Etwas versteckt in der Eingangshalle war ein Highlight unter den Videobeiträgen,
die Arbeit «A day to remember» des Chinesen Liu Wei zu sehen. Wei hat
am 4. Juni 2005, dem Jahrestag des Massakers am Tian’anmen Platz, Passanten
gefragt, welcher Tag gerade sei. Wenn diese das Datum nannten, stellte
er die gleiche Frage nochmals. Einige wussten, worauf er anspielte und
antworteten, sie wollten nichts sagen. Viele sagten, sie wüssten es nicht
oder liefen einfach davon. Nur zwei kamen auf das Massaker überhaupt zu
sprechen. Die Arbeit macht mit einfachsten Mitteln nachvollziehbar, wie
ein totalitäres System die Kommunikation einschränkt – und zwar bis ins
direkte face-to-face-Gespräch. Den pointiertesten Beitrag zum Festivalmotto
«Unfinish» bot schliesslich das knapp einminütige Video «Choose» von Ciprian
Muresan.

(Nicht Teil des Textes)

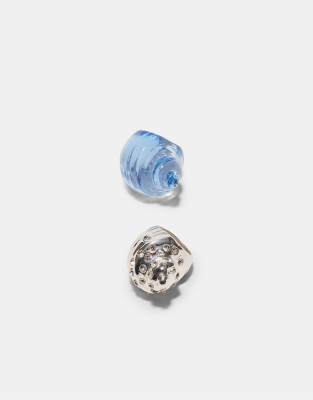 Stradivarius - Lot de 2 bagues irisées façon coquillage - Gris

Ein kleiner Junge macht darin mit einer Dose Pepsi und einer
Dose Coke nicht etwa den «Pepsi-Test», sondern neutralisiert die millionenschweren
Markenkonstrukte mit einer simplen Handlung: er schüttet aus beiden Dosen
ins gleiche Glas und trinkt die Mischung genüsslich. Das vermeintlich
Unvermeidliche nicht tun: Manchmal kann Kunst so einfach sein.